→ Recorded information:
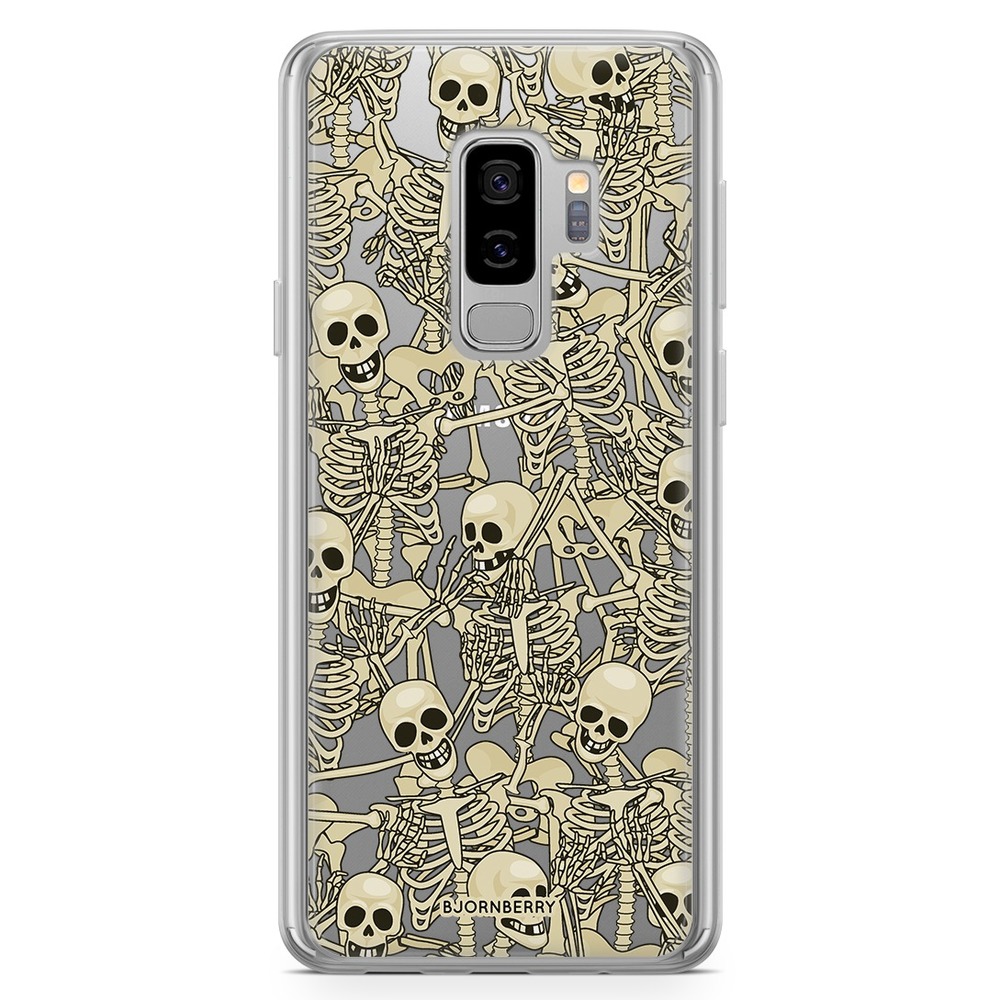 Samsung Galaxy S9 Plus Fashion Case - Skeleton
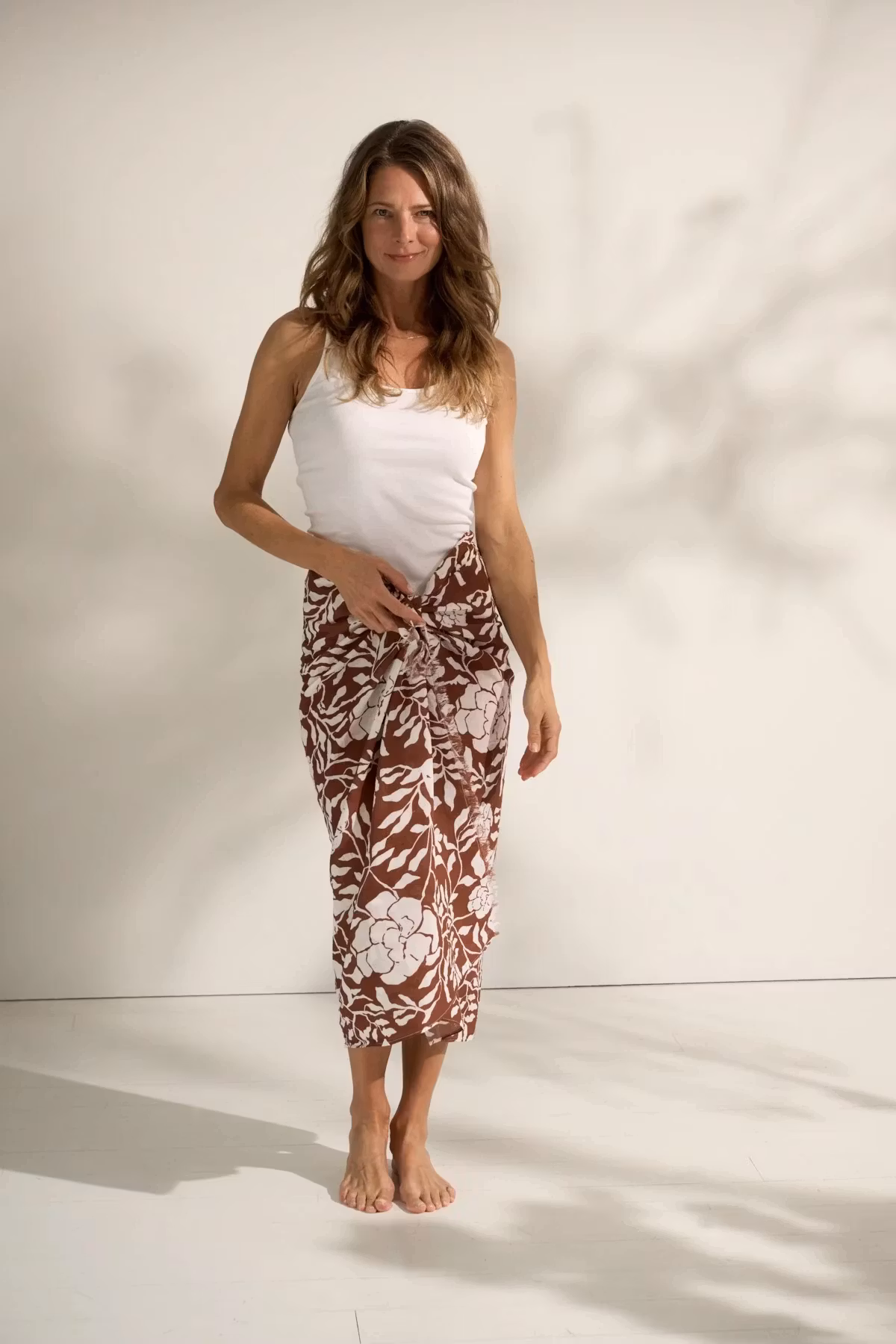 Sunset Sarong Gauze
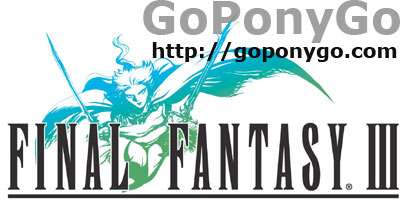 Final Fantasy III Logo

→ Directions for this task:
Restate the whole of the material word for word without the pictures.

→ Answer box:
 Samsung Galaxy S9 Plus Fashion Case - Skeleton
 Sunset Sarong Gauze
 Final Fantasy III Logo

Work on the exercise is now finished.